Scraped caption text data
▼

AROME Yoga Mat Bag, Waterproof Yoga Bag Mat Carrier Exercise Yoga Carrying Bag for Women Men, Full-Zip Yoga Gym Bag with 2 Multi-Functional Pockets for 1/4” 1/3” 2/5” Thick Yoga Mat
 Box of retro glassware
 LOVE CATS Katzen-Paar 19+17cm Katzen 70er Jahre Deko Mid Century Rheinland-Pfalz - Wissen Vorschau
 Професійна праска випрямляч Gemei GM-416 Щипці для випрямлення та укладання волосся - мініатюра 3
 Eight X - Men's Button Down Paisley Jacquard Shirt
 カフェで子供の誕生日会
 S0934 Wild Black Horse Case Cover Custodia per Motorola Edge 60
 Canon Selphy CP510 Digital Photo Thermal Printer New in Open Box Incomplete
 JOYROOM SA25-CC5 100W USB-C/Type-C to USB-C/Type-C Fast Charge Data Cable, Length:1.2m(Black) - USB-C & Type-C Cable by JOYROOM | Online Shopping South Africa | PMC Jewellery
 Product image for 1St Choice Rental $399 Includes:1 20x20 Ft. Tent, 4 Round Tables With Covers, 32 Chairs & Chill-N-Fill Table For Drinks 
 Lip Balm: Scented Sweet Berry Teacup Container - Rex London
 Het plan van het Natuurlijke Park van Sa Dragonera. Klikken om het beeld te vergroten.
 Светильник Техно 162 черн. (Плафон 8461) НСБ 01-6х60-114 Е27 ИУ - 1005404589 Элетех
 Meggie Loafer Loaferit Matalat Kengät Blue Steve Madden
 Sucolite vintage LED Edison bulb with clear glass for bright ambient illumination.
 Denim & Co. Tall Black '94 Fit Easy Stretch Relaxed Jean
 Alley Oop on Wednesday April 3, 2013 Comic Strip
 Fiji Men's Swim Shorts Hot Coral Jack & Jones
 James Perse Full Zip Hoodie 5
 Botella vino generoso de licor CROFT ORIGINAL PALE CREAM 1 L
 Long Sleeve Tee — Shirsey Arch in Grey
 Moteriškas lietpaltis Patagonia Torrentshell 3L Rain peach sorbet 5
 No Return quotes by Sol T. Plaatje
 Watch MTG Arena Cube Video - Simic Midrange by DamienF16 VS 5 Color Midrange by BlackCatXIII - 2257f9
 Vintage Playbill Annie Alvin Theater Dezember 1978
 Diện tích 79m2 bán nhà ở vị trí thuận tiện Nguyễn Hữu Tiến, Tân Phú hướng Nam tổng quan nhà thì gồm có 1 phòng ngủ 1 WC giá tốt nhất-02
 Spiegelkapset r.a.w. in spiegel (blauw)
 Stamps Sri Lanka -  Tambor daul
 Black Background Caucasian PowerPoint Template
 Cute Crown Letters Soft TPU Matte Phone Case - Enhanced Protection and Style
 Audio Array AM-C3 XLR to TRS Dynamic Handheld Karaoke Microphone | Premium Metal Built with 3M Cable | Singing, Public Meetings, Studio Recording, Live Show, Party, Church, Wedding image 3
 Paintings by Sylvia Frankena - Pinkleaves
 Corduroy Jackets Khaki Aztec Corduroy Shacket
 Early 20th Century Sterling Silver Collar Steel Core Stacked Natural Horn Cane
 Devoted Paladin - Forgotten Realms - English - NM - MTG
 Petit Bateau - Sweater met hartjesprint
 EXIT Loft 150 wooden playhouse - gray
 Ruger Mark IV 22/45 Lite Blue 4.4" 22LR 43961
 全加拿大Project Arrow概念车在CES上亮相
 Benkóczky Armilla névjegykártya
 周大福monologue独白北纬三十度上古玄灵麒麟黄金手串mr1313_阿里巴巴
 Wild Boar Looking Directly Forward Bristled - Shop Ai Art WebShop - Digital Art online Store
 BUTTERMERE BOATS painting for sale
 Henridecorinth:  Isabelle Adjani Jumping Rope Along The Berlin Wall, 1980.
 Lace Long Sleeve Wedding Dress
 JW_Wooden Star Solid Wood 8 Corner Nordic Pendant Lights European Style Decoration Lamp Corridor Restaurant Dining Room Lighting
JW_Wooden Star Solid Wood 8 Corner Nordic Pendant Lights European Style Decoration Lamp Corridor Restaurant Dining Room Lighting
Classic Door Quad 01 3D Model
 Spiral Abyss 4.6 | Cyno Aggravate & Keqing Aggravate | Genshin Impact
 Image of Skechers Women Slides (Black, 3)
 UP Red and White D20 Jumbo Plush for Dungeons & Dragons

▲

Task details:
Of the entries above, transcribe exactly those lines that fall between the line containing "Petit Bateau - Sweater met hartjesprint" and the line containing "Lace Long Sleeve Wedding Dress", together with those two lines.

Problem solution:
 Petit Bateau - Sweater met hartjesprint
 EXIT Loft 150 wooden playhouse - gray
 Ruger Mark IV 22/45 Lite Blue 4.4" 22LR 43961
 全加拿大Project Arrow概念车在CES上亮相
 Benkóczky Armilla névjegykártya
 周大福monologue独白北纬三十度上古玄灵麒麟黄金手串mr1313_阿里巴巴
 Wild Boar Looking Directly Forward Bristled - Shop Ai Art WebShop - Digital Art online Store
 BUTTERMERE BOATS painting for sale
 Henridecorinth:  Isabelle Adjani Jumping Rope Along The Berlin Wall, 1980.
 Lace Long Sleeve Wedding Dress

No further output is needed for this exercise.